▶ Your task: Reproduce exactly, and solely, the lines running from the top of the data below through the line with "and business card", both inclusive. Omit pictures.
+++++
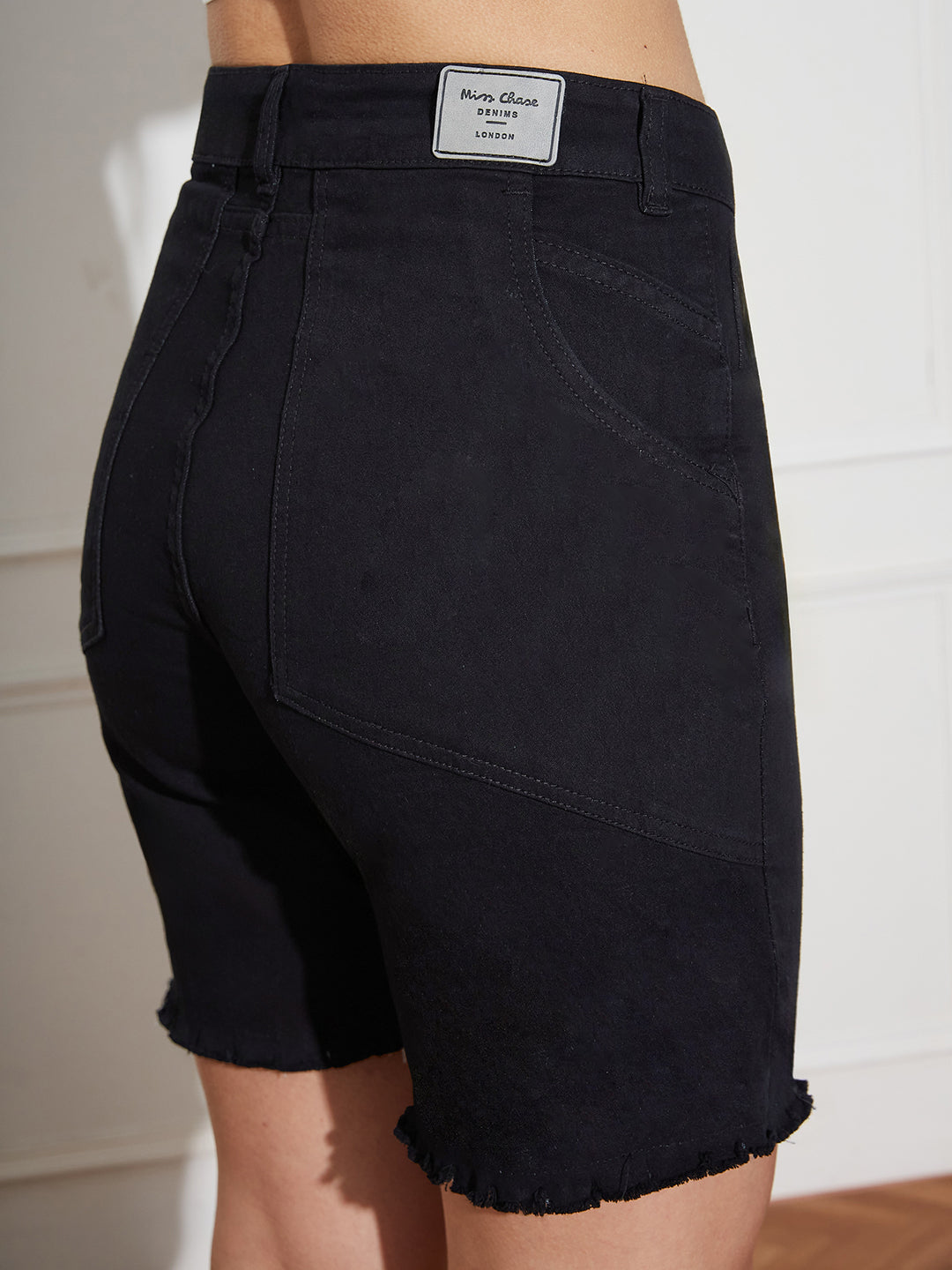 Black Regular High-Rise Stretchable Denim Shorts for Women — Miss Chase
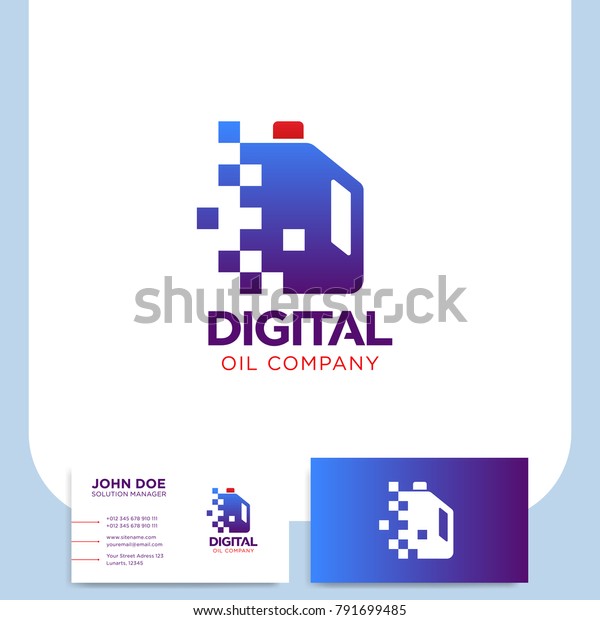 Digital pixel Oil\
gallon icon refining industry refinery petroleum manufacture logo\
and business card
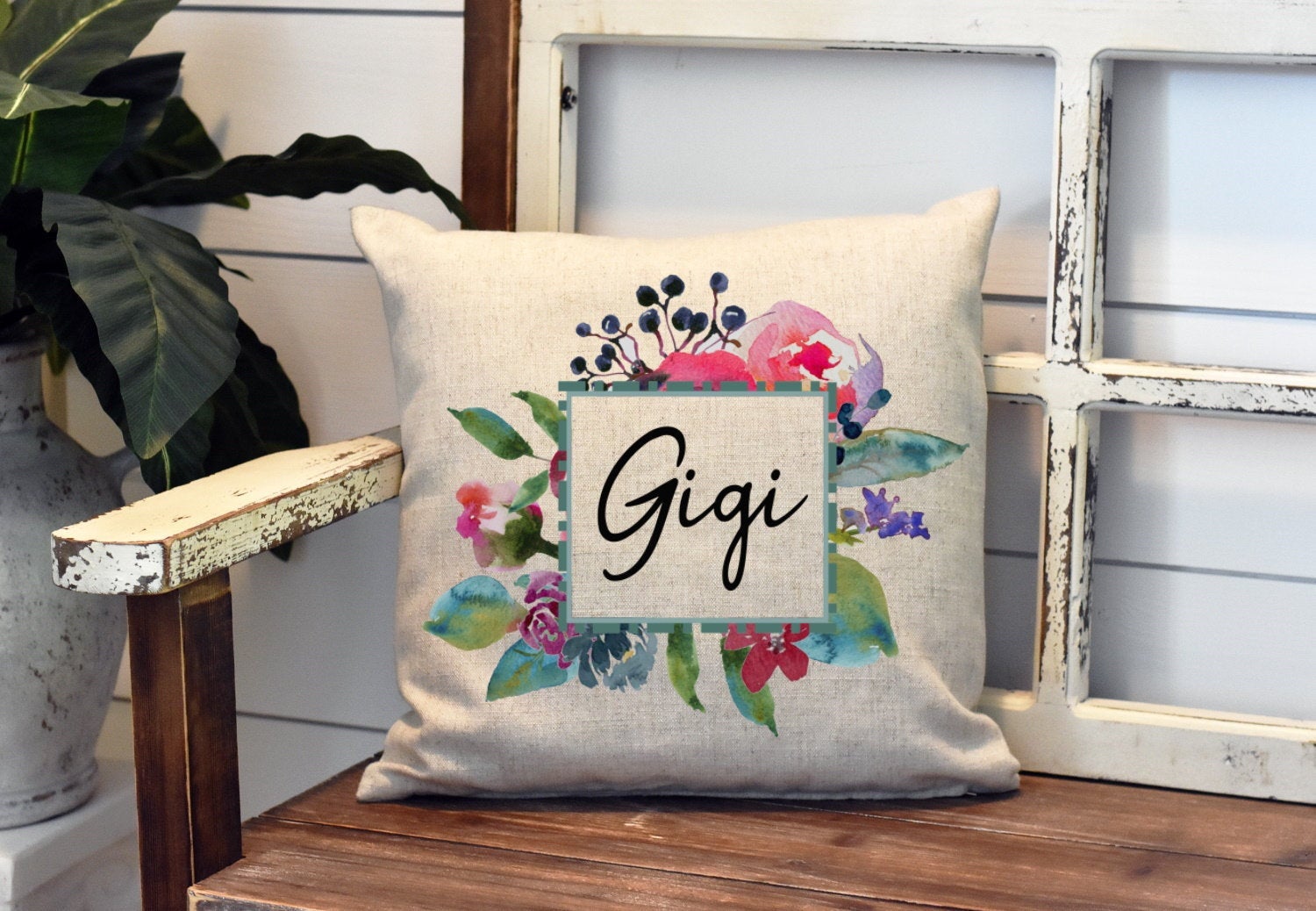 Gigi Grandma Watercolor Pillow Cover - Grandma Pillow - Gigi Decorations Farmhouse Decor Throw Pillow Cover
+++++
▶ Problem solution:
 Black Regular High-Rise Stretchable Denim Shorts for Women — Miss Chase
 Digital pixel Oil\
gallon icon refining industry refinery petroleum manufacture logo\
and business card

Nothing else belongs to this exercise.